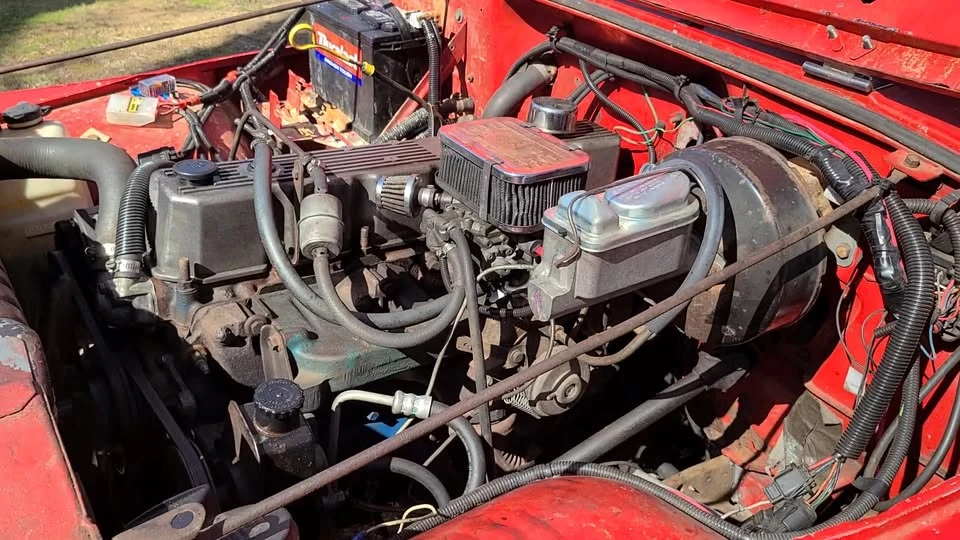 1981 Jeep CJ7 - Image 9 of 9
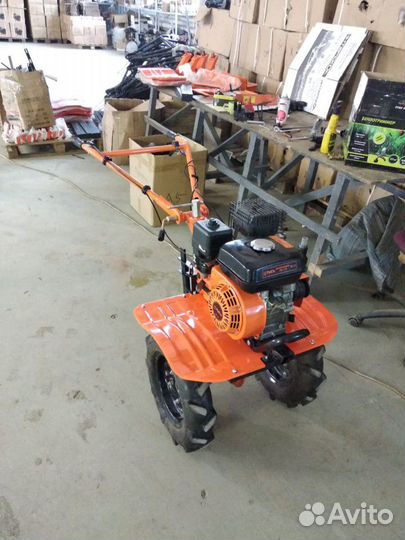 Мотокультиватор Рысь 7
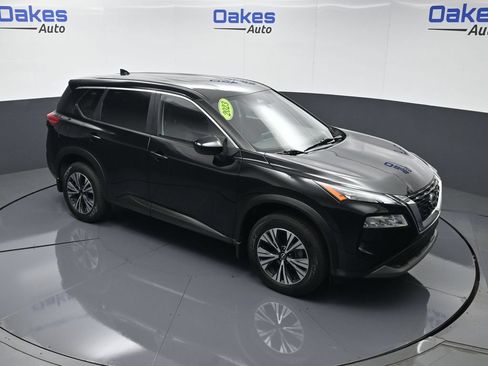 Used 2023 Nissan Rogue SV AWD/4WD image 44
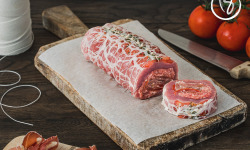 Maison BAYLE   -                                                                                                                                       Champions du Monde de boucherie 2016 - Rôti de Veau Italien - 1kg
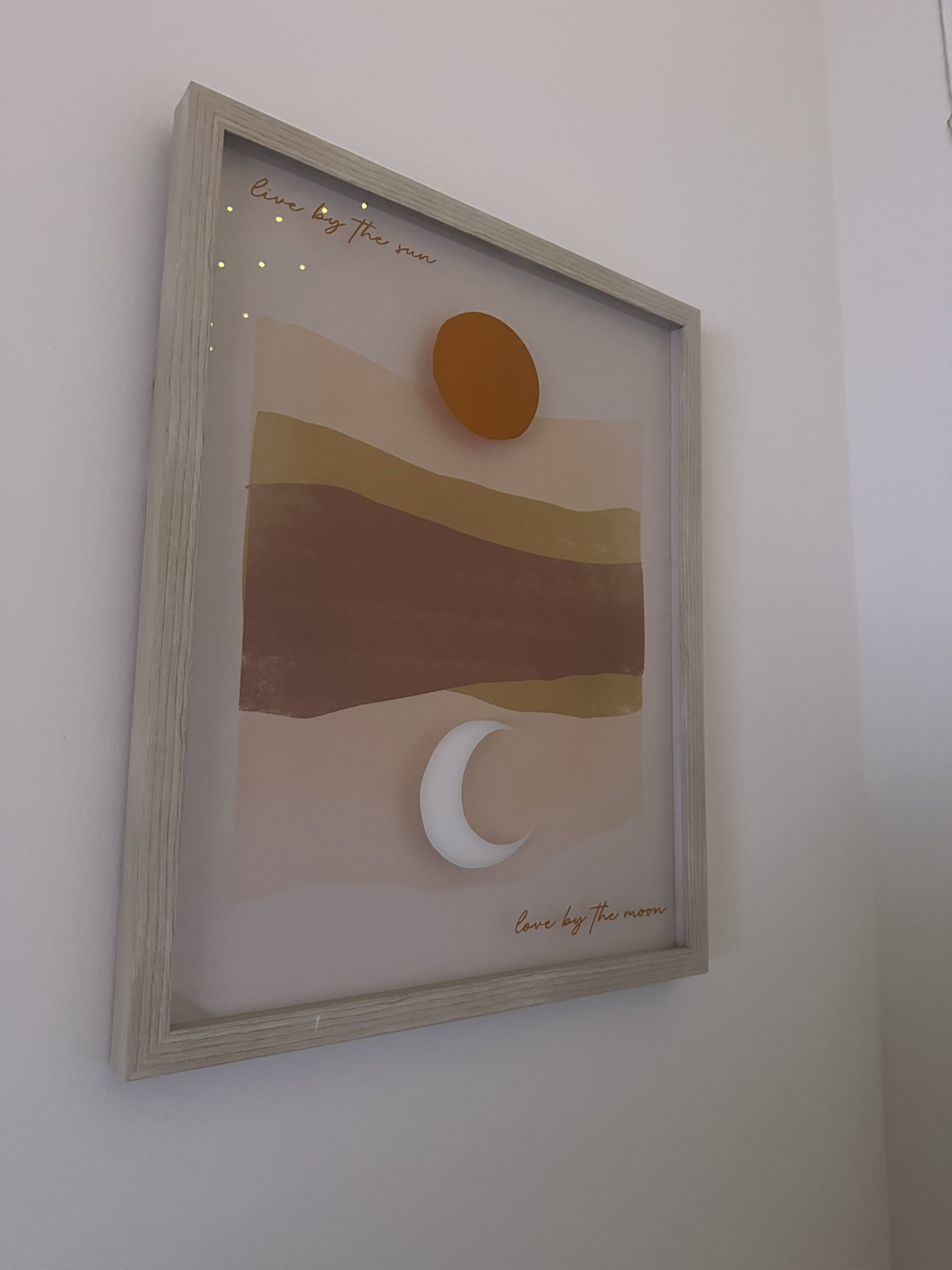 Sun and Moon Boho Decor - photo 5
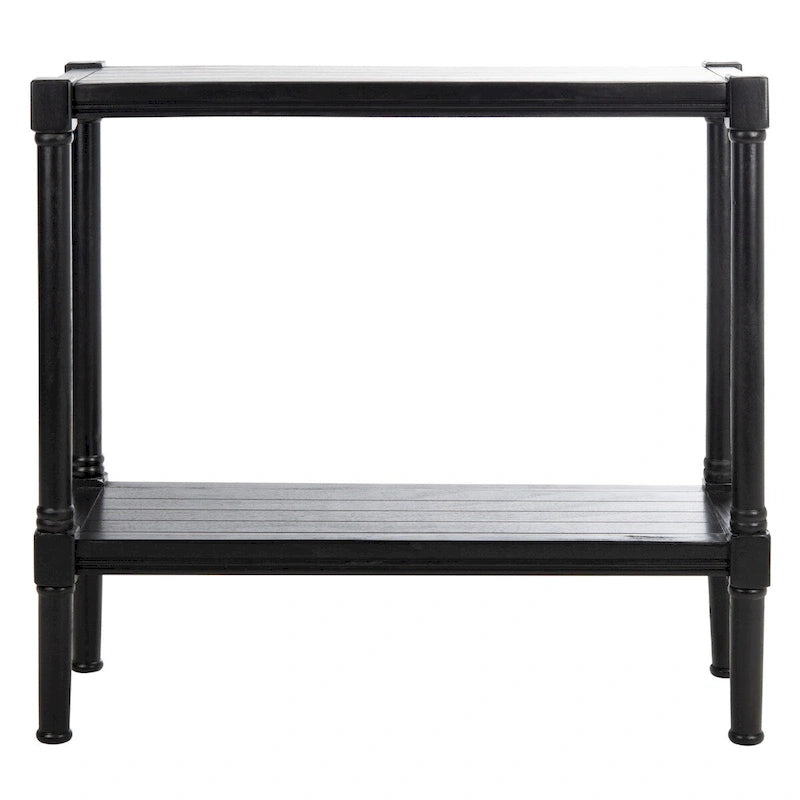 Bottom Shelf Console Table - 32Wx12Dx30H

══════════════════════════════

### Action item
Write out the data precisely as given, excluding the pictures.

### Answer for this exercise
 1981 Jeep CJ7 - Image 9 of 9
 Мотокультиватор Рысь 7
 Used 2023 Nissan Rogue SV AWD/4WD image 44
 Maison BAYLE   -                                                                                                                                       Champions du Monde de boucherie 2016 - Rôti de Veau Italien - 1kg
 Sun and Moon Boho Decor - photo 5
 Bottom Shelf Console Table - 32Wx12Dx30H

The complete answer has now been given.